In some cases the names were wrought at different times and their names reflect this. A steamer clearly is a boat whose engines are driven by a mechanism whose pistons are moved by steam which is produced by burning coal or oil, whereas a liner is a bigger boat whose propellers or pressure operated valves may be moved by turbines and which carries passengers across oceans, not on rivers and lakes.
Language can be so rich — grammar arid.
A definition is a device used rigidly or loosely, which is to it intended to “fix” a word, to assign it meaning. Rigid definitions are preferred in scientific disciplines where ambiguity is deliberately shunned. Accordingly, a word cannot (should not!) have two or more uses. Each label on the bottle must be completely unambiguous, have only one interpretation and fully describe or identify the content of the bottle. Most dictionary definitions, by contrast, are nonrigid, sometimes even fuzzy. What such definitions accomplish is to draw a circle around a claim.
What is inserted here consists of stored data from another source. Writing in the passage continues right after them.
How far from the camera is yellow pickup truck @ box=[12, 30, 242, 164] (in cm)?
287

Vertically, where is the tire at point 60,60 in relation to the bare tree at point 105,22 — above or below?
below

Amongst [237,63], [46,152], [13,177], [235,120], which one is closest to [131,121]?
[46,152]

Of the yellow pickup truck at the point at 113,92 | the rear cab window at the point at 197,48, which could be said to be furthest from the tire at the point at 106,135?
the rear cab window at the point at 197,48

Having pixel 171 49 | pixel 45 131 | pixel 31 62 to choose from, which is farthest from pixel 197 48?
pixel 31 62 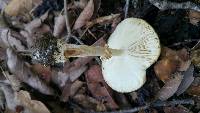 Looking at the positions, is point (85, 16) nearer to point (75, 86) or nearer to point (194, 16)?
point (75, 86)

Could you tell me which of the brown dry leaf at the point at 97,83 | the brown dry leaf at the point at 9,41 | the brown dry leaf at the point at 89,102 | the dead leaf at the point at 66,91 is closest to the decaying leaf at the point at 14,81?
the brown dry leaf at the point at 9,41

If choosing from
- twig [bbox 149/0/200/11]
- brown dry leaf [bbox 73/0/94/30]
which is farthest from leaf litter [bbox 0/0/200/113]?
twig [bbox 149/0/200/11]

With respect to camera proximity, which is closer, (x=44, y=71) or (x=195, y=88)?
(x=195, y=88)

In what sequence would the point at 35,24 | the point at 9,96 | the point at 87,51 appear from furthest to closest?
the point at 35,24
the point at 9,96
the point at 87,51

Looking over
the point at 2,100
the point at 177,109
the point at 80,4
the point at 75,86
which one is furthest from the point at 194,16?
the point at 2,100

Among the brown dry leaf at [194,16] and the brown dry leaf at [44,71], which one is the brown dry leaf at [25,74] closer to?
the brown dry leaf at [44,71]

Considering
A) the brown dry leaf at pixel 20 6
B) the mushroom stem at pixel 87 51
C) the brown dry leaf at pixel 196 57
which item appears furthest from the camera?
the brown dry leaf at pixel 20 6

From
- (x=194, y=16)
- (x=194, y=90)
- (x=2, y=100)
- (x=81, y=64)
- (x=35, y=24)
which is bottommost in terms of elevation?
(x=2, y=100) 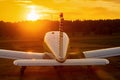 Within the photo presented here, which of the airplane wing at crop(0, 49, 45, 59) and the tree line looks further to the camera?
the tree line

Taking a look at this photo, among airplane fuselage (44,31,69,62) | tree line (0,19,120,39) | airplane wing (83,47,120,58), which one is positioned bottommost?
tree line (0,19,120,39)

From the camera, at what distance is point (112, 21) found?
89.1 metres

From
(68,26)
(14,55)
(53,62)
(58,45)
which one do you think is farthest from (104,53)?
(68,26)

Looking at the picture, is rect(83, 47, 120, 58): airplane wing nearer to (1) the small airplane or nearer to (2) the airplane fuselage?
(1) the small airplane

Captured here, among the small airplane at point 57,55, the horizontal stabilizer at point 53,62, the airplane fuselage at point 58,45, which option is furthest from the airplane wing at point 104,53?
the horizontal stabilizer at point 53,62

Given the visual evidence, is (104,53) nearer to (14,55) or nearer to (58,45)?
(58,45)

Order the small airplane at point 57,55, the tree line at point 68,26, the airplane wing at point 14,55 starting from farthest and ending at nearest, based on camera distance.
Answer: the tree line at point 68,26
the airplane wing at point 14,55
the small airplane at point 57,55

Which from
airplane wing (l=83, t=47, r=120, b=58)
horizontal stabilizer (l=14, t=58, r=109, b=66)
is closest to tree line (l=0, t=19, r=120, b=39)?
airplane wing (l=83, t=47, r=120, b=58)

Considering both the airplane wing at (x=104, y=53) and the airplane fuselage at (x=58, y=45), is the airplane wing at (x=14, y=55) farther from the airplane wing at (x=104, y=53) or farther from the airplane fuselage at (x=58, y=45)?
the airplane wing at (x=104, y=53)

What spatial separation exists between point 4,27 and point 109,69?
59.5 metres

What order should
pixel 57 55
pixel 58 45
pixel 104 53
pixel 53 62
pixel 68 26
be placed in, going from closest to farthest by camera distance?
pixel 53 62 < pixel 57 55 < pixel 58 45 < pixel 104 53 < pixel 68 26

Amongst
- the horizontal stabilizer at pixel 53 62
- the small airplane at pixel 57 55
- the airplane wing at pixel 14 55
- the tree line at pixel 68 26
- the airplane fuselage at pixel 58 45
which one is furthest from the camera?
the tree line at pixel 68 26

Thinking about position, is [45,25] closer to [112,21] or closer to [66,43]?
[112,21]

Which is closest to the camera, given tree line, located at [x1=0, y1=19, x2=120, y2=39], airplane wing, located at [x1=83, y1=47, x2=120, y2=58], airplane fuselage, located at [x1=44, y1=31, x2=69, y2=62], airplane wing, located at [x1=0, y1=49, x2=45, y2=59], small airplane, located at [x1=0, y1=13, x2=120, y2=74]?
small airplane, located at [x1=0, y1=13, x2=120, y2=74] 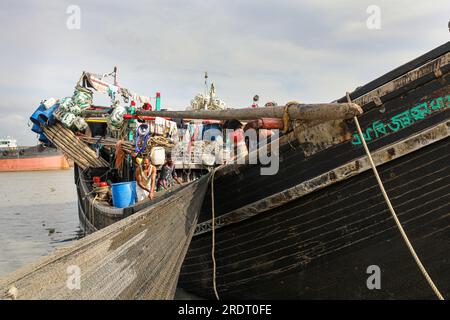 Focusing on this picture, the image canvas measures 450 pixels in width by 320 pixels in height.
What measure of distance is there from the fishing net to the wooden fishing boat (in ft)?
2.35

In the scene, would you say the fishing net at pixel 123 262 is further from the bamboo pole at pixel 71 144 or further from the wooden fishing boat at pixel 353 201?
the bamboo pole at pixel 71 144

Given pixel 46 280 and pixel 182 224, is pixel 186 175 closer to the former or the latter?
pixel 182 224

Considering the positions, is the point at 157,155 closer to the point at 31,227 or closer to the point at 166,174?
the point at 166,174

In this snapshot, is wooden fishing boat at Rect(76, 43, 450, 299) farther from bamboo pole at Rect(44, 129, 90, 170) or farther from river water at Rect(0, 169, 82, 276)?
bamboo pole at Rect(44, 129, 90, 170)

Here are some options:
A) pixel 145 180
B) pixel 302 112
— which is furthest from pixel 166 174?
pixel 302 112

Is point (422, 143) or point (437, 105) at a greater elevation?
point (437, 105)

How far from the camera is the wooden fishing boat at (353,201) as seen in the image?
10.0 feet

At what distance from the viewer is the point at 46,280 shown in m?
2.20

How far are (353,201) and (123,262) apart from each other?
6.50 ft

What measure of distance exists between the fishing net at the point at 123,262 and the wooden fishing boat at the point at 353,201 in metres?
0.72

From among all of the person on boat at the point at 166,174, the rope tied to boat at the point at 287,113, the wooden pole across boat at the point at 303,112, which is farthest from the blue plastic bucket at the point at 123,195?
the rope tied to boat at the point at 287,113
Inside and outside the circle are entirely and insufferably different. These demarcate — inform us — what a word means — but also what it does not mean! (Most of us live in a bi-modal world most — but not all — of the time!)
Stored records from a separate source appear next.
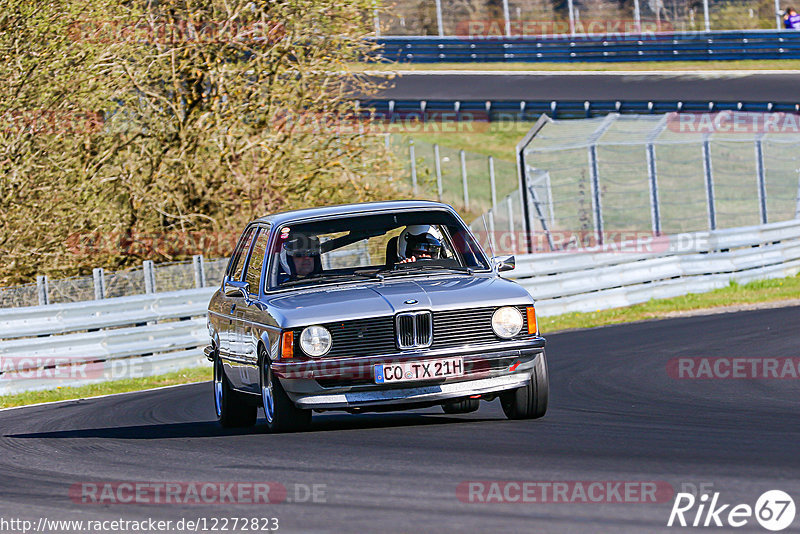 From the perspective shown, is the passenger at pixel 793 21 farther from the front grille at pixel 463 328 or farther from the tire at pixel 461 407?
the front grille at pixel 463 328

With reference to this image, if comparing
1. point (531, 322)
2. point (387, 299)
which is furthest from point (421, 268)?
point (531, 322)

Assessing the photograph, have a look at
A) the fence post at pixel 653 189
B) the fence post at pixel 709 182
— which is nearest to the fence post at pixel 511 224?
the fence post at pixel 653 189

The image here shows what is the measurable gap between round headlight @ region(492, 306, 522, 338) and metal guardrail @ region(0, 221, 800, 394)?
28.7 ft

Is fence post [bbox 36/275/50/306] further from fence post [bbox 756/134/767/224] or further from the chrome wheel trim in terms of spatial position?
fence post [bbox 756/134/767/224]

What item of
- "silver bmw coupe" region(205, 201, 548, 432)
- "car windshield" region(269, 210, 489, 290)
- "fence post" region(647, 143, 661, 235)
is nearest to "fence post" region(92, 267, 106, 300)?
"silver bmw coupe" region(205, 201, 548, 432)

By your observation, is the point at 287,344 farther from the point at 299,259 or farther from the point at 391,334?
the point at 299,259

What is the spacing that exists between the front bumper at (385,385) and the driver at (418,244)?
153 cm

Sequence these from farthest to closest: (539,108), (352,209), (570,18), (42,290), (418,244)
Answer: (570,18) → (539,108) → (42,290) → (418,244) → (352,209)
A clarification as a device tells us, in words we are expected to understand, what an unknown or ambiguous word or expression could mean and what it probably means in the context provided. A clarification may ease us into understanding a sentence in which the problematic word occurred! It does not scream at us “You used the word or expression incorrectly, falsely, heinously!” but indicates that we trespassed on an existing good usage of a word. It says: “No! it is no a liner, but a paddle steamer”. It has explained, has clarified that the word used was not the best word to use under the prevailing circumstance, and hereby opened alternative choices to us.